Description
During a rolling upgrade from 1.2.15 to 2.0.5 nodes running on 2.0.5 throw an EOFException:
ERROR [MutationStage:12] 2014-03-12 09:46:35,706 RowMutationVerbHandler.java (line 63) Error in row mutation java.io.EOFException at java.io.DataInputStream.readFully(DataInputStream.java:197) at org.apache.cassandra.net.CompactEndpointSerializationHelper.deserialize(CompactEndpointSerializationHelper.java:37) at org.apache.cassandra.db.RowMutationVerbHandler.forwardToLocalNodes(RowMutationVerbHandler.java:81) at org.apache.cassandra.db.RowMutationVerbHandler.doVerb(RowMutationVerbHandler.java:49) at org.apache.cassandra.net.MessageDeliveryTask.run(MessageDeliveryTask.java:60) at java.util.concurrent.ThreadPoolExecutor.runWorker(ThreadPoolExecutor.java:1145) at java.util.concurrent.ThreadPoolExecutor$Worker.run(ThreadPoolExecutor.java:615) at java.lang.Thread.run(Thread.java:744)
In this specific context we have a setup with 3 datacenters, 3 nodes in each datacenter, NetworkTopologyStrategy as placement_strategy with 3 replicas in each DC. We noticed the issue on the only 2.0.5 node in the ring.
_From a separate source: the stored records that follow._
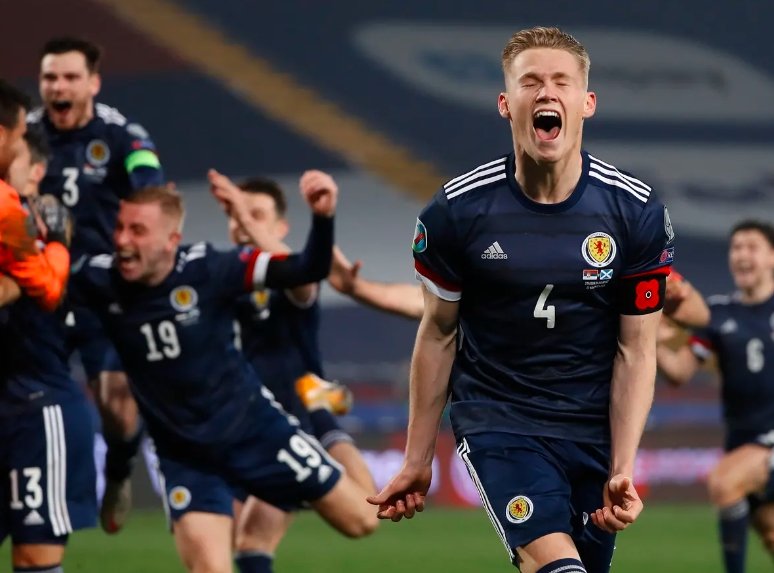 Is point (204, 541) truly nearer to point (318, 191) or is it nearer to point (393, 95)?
point (318, 191)

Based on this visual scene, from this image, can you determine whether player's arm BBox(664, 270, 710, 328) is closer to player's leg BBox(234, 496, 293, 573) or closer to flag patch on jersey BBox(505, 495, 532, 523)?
flag patch on jersey BBox(505, 495, 532, 523)

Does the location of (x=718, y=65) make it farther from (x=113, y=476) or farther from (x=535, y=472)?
(x=535, y=472)

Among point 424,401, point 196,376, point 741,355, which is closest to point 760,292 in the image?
point 741,355

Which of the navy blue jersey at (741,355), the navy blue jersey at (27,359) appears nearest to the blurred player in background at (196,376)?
the navy blue jersey at (27,359)

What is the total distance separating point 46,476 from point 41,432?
164mm

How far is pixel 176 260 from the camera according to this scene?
19.4ft

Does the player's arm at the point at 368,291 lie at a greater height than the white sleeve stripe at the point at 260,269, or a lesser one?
greater

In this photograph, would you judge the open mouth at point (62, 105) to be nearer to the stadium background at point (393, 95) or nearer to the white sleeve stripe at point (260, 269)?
the white sleeve stripe at point (260, 269)

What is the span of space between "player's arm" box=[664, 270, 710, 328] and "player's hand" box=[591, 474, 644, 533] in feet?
4.29

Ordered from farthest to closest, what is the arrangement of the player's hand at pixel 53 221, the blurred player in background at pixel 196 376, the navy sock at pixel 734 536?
the navy sock at pixel 734 536 < the blurred player in background at pixel 196 376 < the player's hand at pixel 53 221

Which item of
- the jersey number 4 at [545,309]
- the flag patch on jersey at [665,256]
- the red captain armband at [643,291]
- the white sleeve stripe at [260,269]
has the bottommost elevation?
the white sleeve stripe at [260,269]

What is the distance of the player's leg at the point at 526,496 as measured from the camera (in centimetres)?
372

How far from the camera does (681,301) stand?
5059 millimetres

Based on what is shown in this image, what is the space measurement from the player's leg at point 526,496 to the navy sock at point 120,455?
10.6 feet
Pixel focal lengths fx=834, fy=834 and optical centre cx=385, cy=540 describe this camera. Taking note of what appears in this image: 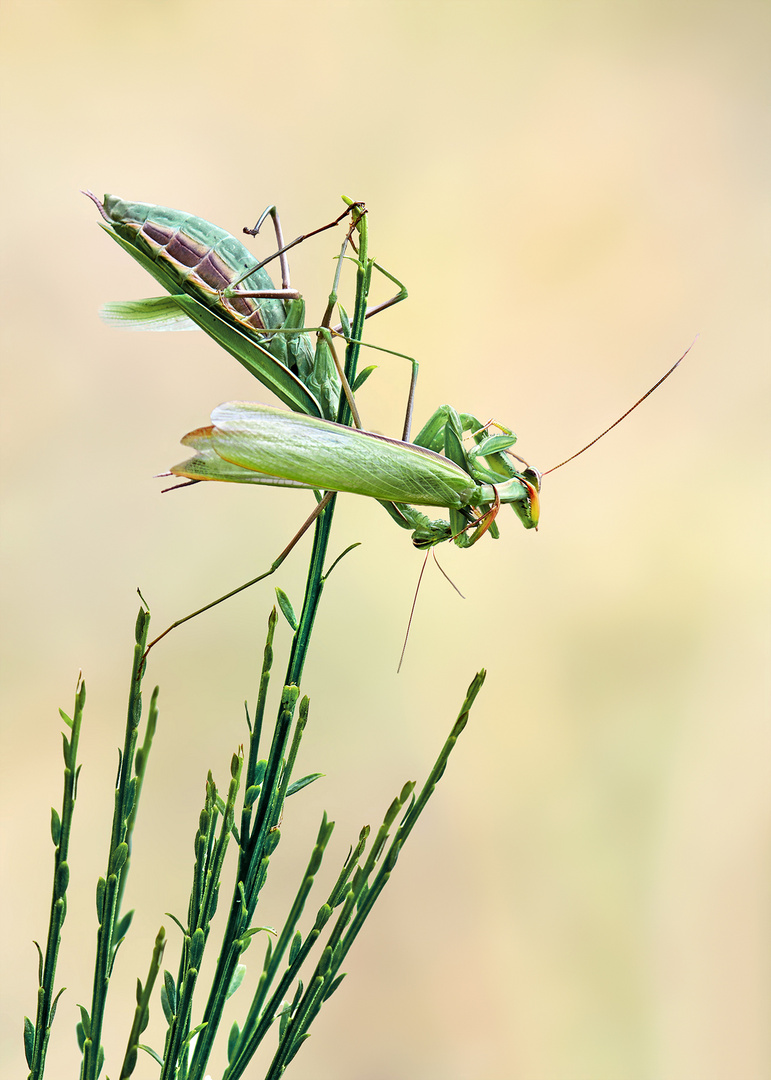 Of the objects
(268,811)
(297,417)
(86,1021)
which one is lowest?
(86,1021)

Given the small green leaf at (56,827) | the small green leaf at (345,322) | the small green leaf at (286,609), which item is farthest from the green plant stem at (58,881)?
the small green leaf at (345,322)

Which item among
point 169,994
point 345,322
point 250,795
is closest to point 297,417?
point 345,322

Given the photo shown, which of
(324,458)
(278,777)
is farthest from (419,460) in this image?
(278,777)

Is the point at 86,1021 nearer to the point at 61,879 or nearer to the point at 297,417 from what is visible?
the point at 61,879

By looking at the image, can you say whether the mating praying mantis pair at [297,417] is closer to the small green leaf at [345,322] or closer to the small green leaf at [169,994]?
the small green leaf at [345,322]

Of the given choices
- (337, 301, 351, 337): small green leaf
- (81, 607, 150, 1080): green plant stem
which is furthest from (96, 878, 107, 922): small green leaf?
(337, 301, 351, 337): small green leaf

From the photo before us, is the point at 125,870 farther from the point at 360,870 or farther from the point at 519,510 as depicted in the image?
the point at 519,510

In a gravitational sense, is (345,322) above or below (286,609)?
above

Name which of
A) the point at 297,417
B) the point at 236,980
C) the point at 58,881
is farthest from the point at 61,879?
the point at 297,417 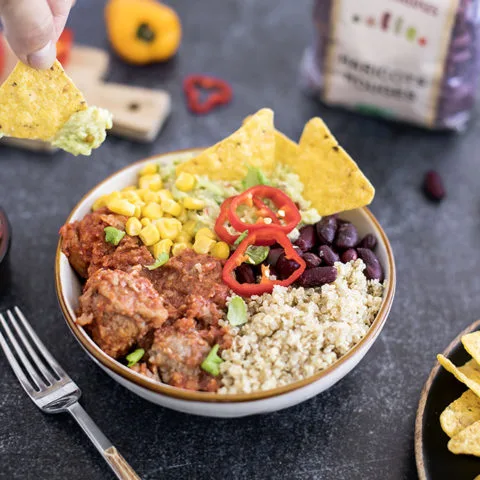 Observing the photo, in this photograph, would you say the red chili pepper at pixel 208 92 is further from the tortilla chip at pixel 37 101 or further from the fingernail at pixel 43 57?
the fingernail at pixel 43 57

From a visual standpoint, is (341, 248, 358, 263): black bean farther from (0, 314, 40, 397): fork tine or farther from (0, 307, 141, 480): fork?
(0, 314, 40, 397): fork tine

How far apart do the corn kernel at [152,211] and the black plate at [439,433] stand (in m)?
1.27

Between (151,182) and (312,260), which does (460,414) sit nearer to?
(312,260)

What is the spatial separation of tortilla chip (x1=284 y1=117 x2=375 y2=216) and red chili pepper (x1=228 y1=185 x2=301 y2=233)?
0.15 meters

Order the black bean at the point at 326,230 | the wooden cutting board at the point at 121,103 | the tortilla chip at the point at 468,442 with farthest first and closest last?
the wooden cutting board at the point at 121,103 → the black bean at the point at 326,230 → the tortilla chip at the point at 468,442

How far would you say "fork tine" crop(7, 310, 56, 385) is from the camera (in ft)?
8.75

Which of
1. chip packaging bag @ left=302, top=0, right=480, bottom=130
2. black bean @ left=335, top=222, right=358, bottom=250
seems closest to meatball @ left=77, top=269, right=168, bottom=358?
black bean @ left=335, top=222, right=358, bottom=250

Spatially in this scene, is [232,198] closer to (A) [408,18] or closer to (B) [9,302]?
(B) [9,302]

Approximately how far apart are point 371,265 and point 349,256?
9 cm

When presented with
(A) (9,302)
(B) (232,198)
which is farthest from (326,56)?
(A) (9,302)

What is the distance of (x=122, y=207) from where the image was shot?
2738mm

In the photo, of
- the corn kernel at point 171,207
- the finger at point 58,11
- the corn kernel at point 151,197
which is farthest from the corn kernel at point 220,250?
the finger at point 58,11

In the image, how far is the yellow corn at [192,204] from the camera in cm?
280

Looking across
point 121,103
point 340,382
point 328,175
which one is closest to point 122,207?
point 328,175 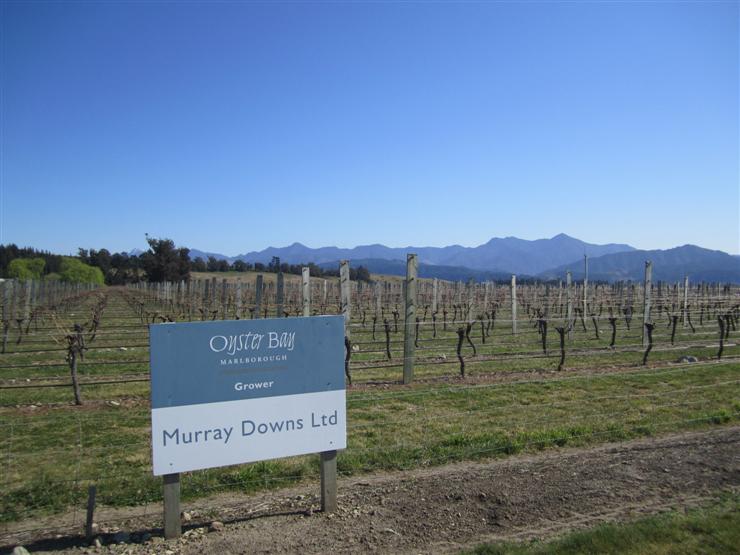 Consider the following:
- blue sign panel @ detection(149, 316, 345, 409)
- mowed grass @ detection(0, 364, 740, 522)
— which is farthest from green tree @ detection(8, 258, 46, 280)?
blue sign panel @ detection(149, 316, 345, 409)

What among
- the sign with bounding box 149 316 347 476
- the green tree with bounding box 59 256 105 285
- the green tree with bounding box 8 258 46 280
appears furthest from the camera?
the green tree with bounding box 8 258 46 280

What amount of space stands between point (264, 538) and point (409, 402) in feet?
16.8

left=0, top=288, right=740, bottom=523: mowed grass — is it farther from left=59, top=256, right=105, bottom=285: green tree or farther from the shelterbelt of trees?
left=59, top=256, right=105, bottom=285: green tree

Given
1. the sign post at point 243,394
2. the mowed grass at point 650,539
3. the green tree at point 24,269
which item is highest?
the green tree at point 24,269

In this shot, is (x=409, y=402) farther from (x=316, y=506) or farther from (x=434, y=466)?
(x=316, y=506)

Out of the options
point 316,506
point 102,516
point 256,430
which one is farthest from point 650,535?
point 102,516

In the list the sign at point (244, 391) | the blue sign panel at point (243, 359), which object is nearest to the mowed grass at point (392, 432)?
the sign at point (244, 391)

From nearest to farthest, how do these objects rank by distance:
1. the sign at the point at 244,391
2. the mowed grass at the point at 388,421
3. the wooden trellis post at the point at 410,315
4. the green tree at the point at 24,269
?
the sign at the point at 244,391 → the mowed grass at the point at 388,421 → the wooden trellis post at the point at 410,315 → the green tree at the point at 24,269

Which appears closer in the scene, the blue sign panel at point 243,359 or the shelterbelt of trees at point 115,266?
the blue sign panel at point 243,359

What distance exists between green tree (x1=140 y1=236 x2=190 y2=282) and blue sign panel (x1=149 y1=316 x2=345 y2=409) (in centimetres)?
6179

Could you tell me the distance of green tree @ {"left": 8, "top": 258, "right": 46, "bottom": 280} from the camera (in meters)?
62.5

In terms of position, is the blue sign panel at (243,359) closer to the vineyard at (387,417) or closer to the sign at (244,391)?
the sign at (244,391)

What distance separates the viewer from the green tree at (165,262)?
62.2 meters

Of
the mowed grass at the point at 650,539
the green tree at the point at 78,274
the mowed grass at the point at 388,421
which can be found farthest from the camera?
the green tree at the point at 78,274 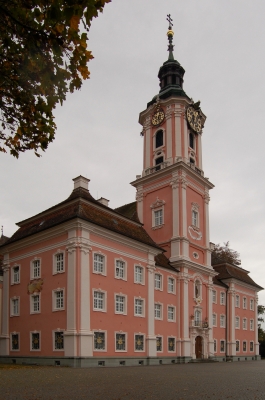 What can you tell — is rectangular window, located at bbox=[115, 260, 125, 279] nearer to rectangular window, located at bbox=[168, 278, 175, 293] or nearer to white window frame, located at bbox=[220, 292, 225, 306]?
rectangular window, located at bbox=[168, 278, 175, 293]

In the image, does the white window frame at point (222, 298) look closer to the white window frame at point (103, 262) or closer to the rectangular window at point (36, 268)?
the white window frame at point (103, 262)

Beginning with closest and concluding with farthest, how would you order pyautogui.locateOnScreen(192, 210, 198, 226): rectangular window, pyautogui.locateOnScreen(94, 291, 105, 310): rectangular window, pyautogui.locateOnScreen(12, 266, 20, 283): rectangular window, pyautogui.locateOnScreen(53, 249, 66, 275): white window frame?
pyautogui.locateOnScreen(94, 291, 105, 310): rectangular window, pyautogui.locateOnScreen(53, 249, 66, 275): white window frame, pyautogui.locateOnScreen(12, 266, 20, 283): rectangular window, pyautogui.locateOnScreen(192, 210, 198, 226): rectangular window

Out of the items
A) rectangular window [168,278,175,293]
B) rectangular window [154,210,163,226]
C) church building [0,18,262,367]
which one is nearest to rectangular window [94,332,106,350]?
church building [0,18,262,367]

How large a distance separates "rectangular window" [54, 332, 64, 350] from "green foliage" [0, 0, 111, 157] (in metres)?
21.8

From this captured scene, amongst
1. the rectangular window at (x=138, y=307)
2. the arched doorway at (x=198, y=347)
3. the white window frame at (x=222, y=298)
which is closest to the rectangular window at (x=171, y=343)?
the arched doorway at (x=198, y=347)

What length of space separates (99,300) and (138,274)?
16.2 feet

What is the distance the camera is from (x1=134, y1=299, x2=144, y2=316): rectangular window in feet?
106

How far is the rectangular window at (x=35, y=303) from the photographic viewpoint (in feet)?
99.9

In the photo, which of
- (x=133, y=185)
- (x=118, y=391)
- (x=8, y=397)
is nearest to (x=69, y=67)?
(x=8, y=397)

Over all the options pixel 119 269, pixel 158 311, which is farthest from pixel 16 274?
pixel 158 311

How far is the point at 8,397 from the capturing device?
1054cm

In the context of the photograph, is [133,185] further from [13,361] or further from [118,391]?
[118,391]

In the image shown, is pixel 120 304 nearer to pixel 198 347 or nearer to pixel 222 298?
pixel 198 347

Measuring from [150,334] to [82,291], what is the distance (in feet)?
26.2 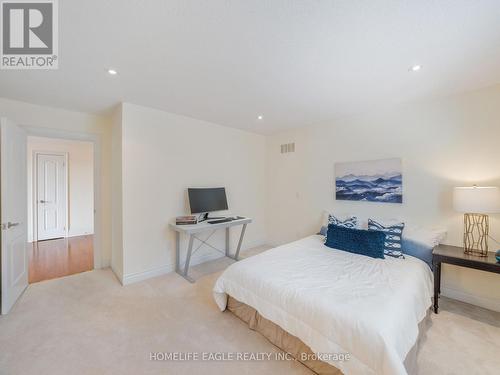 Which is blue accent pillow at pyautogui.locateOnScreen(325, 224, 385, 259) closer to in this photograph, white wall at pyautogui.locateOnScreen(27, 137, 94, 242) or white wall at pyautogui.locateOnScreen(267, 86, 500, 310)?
white wall at pyautogui.locateOnScreen(267, 86, 500, 310)

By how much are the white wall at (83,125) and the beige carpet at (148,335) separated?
0.98m

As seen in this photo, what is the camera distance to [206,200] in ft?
11.7

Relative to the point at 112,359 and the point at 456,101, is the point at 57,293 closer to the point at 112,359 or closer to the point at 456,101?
the point at 112,359

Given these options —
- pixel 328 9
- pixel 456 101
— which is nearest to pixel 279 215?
pixel 456 101

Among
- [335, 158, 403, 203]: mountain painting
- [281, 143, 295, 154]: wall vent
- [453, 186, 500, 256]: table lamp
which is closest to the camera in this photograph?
[453, 186, 500, 256]: table lamp

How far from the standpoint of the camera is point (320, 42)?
1.66 metres

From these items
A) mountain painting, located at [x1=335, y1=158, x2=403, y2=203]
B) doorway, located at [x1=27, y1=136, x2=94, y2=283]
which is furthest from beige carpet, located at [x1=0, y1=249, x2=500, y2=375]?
doorway, located at [x1=27, y1=136, x2=94, y2=283]

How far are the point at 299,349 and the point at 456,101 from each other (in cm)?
327

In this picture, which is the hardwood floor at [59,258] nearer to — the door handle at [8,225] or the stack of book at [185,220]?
the door handle at [8,225]

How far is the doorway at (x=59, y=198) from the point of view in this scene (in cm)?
463

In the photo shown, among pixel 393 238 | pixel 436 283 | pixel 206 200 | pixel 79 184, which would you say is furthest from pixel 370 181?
pixel 79 184

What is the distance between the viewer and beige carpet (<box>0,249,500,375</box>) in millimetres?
1606

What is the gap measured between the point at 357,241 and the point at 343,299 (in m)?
1.27

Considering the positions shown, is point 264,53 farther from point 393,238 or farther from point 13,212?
point 13,212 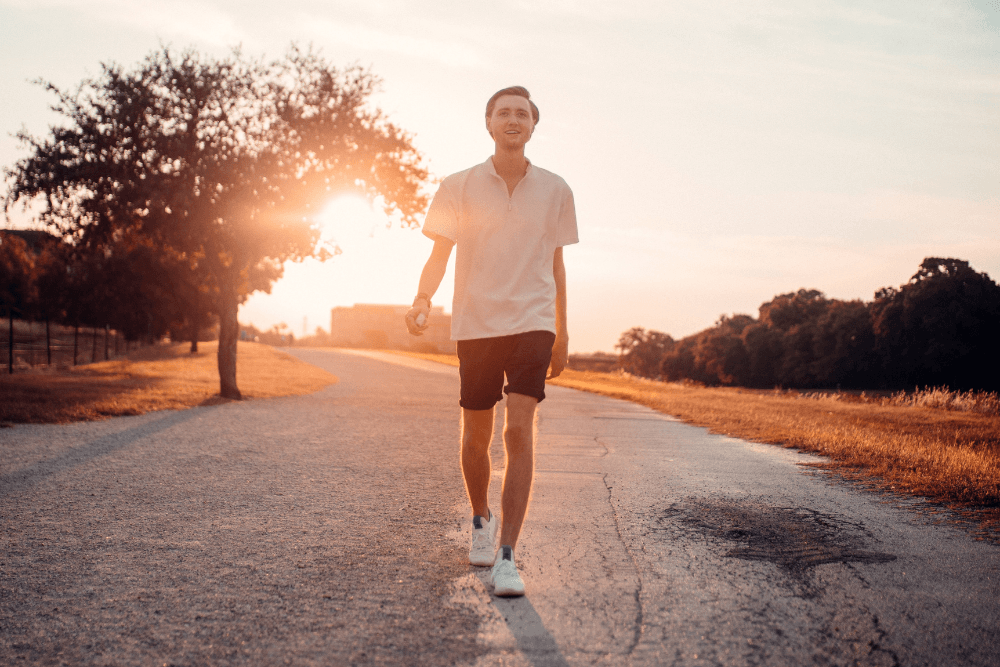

All nodes run on Java7. We have tried to upgrade the node on 2.0.5 to 2.0.6 but that didn't solve the issue.
At a first glance it seems that the size of the size of the list of forward addresses in org.apache.cassandra.db.RowMutationVerbHandler.forwardToLocalNodes() in inconsistent with the length of the InputStream, which causes the deserializer to try and read after the end of the InputStream.